Does your camera give you real true color?







"I took this photo last weekend while I was out hiking in the mountains," said the Tao, while showing a photograph of a beautiful landscape to the students.

There were lots of oohs and aahs from the students. Then, as the inevitable silence descended, one student, who was a photography enthusiast, spoke up.

"That looks very beautiful," the student said. "Are these the real colors out of the camera? You have a Canon 5D, right? The colors look so saturated. Are they photoshopped?"

"First of all, cameras do not produce 'real' colors", the Tao said. "What you see out of your camera screen is only an approximation of the reality the camera sees. What you are seeing here now is how that approximation of the reality looks on my computer monitor. And yes, I have adjusted the colors to suit my sense of reality..."

"I thought so. The colors look saturated ..." the student persisted.

"It is possible that it looks saturated to you because you did not see the scene when I did, from where I did, how I did. You did not see it with my eyes," Tao said. "How do we know that we both see the same color the same way? So, in essence, what I am showing you here is an approximation of what I think my visual reality was at that moment in time."

"Our realities can be different, then," said the student.

"We are beginning to see eye to eye in this matter," the Tao smiled. "Everyone's reality is different. And that's a fine thing."

"Amen," said the student.


Comments

AM said…
Its an excellent point that you make: what each of us see is very personal, and while we assume that everyone else sees the same, it is not necessarily true. While we know some people are color-blind (in all senses of that term), we know from every other human reality that we are all on a spectrum of sense, ability, gender, intelligence, passion and every thing else that makes us human.
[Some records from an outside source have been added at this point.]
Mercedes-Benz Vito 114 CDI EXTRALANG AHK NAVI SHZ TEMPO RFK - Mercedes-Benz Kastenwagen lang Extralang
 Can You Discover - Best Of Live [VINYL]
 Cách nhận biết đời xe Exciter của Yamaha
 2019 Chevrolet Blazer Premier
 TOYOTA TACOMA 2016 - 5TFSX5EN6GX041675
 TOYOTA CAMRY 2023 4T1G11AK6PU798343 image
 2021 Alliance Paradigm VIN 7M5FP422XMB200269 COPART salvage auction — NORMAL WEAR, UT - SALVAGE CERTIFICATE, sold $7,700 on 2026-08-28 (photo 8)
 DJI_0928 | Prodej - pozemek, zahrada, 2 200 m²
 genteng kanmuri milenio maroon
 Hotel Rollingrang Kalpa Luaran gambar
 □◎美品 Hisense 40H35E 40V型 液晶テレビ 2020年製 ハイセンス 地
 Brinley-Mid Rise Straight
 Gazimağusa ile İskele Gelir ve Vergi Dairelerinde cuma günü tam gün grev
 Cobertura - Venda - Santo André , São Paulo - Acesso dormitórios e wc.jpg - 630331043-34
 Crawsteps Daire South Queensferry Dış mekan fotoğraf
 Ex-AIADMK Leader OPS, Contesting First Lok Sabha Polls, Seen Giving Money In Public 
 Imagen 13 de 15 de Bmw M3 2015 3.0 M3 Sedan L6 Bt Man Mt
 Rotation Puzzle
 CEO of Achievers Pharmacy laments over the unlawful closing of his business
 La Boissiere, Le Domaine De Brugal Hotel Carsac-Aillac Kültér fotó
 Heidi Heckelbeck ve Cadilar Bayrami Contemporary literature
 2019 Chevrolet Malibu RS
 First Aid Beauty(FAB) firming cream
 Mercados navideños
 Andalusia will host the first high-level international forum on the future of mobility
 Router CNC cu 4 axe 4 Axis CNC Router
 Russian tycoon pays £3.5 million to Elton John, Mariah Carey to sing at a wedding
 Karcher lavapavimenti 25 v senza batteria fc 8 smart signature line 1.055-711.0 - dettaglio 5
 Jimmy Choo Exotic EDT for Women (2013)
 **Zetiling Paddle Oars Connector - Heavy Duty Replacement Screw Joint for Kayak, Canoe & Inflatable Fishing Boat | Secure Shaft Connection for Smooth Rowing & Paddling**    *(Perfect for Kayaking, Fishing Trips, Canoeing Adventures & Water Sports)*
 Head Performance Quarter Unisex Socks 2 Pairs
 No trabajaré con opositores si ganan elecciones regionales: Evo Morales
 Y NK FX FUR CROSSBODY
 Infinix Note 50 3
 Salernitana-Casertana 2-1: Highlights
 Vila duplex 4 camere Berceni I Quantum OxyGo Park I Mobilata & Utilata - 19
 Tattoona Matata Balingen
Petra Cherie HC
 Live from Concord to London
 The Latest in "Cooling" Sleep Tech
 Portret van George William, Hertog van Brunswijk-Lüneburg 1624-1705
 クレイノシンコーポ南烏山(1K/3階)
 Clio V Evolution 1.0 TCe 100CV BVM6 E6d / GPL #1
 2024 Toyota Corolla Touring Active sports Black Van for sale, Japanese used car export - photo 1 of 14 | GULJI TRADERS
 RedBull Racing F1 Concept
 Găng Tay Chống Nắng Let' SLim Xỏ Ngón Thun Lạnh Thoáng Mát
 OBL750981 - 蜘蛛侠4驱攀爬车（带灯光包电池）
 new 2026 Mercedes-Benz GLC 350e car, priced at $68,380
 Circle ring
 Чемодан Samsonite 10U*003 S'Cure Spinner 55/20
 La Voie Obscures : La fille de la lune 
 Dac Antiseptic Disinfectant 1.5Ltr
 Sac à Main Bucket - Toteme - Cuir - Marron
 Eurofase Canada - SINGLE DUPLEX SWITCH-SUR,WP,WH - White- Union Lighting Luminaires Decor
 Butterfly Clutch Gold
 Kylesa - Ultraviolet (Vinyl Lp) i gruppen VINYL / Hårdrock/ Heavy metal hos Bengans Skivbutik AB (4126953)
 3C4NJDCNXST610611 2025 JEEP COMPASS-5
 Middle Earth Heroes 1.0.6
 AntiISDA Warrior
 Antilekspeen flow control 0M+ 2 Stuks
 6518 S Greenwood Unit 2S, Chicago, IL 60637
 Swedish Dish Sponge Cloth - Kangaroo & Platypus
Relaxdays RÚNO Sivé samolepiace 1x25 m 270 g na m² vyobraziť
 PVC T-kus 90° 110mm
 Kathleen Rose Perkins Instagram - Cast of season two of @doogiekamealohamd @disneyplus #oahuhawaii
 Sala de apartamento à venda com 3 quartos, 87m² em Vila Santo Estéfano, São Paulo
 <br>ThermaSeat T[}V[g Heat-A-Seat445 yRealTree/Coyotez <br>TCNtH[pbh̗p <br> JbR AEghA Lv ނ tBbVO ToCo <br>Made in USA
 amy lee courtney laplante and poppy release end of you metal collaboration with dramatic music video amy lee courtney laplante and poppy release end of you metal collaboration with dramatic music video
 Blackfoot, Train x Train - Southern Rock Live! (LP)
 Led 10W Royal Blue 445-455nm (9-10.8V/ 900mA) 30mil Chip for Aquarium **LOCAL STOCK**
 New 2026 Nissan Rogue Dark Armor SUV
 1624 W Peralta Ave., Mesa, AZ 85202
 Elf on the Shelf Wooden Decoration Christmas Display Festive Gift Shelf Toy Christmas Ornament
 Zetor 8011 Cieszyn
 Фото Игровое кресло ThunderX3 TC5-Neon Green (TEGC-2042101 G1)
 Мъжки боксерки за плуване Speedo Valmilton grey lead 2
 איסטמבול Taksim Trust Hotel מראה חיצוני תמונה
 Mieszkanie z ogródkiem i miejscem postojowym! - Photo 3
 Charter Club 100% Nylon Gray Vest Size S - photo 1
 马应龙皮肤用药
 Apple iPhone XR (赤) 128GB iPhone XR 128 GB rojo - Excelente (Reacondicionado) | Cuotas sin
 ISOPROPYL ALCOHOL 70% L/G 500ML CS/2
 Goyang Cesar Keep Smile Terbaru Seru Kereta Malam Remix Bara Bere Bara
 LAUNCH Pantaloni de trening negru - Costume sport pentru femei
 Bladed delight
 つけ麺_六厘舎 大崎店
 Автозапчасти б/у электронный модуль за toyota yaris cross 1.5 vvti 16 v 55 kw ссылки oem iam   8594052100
So why shouldn't color perception be on a spectrum (no pun intended), with everyone seeing their own version of the same scene? This will be true even when looking at the same scene physically, and amplified by the non-linear color response of the chain of sensors and displays that deliver a remote image.
Amit Basu said…
@AM : Absolutely. Finally, your sense of true color may be different from someone else's, and that is ok.
SR said…
If this object capture has so much implications TAOs how about thoughts and perceptions in each one about our SELF? 5 elements of Nature - Earth, Wind, Fire, Water & Space is all in objects including any living or non-living MATTER - what is that life giving force in us then?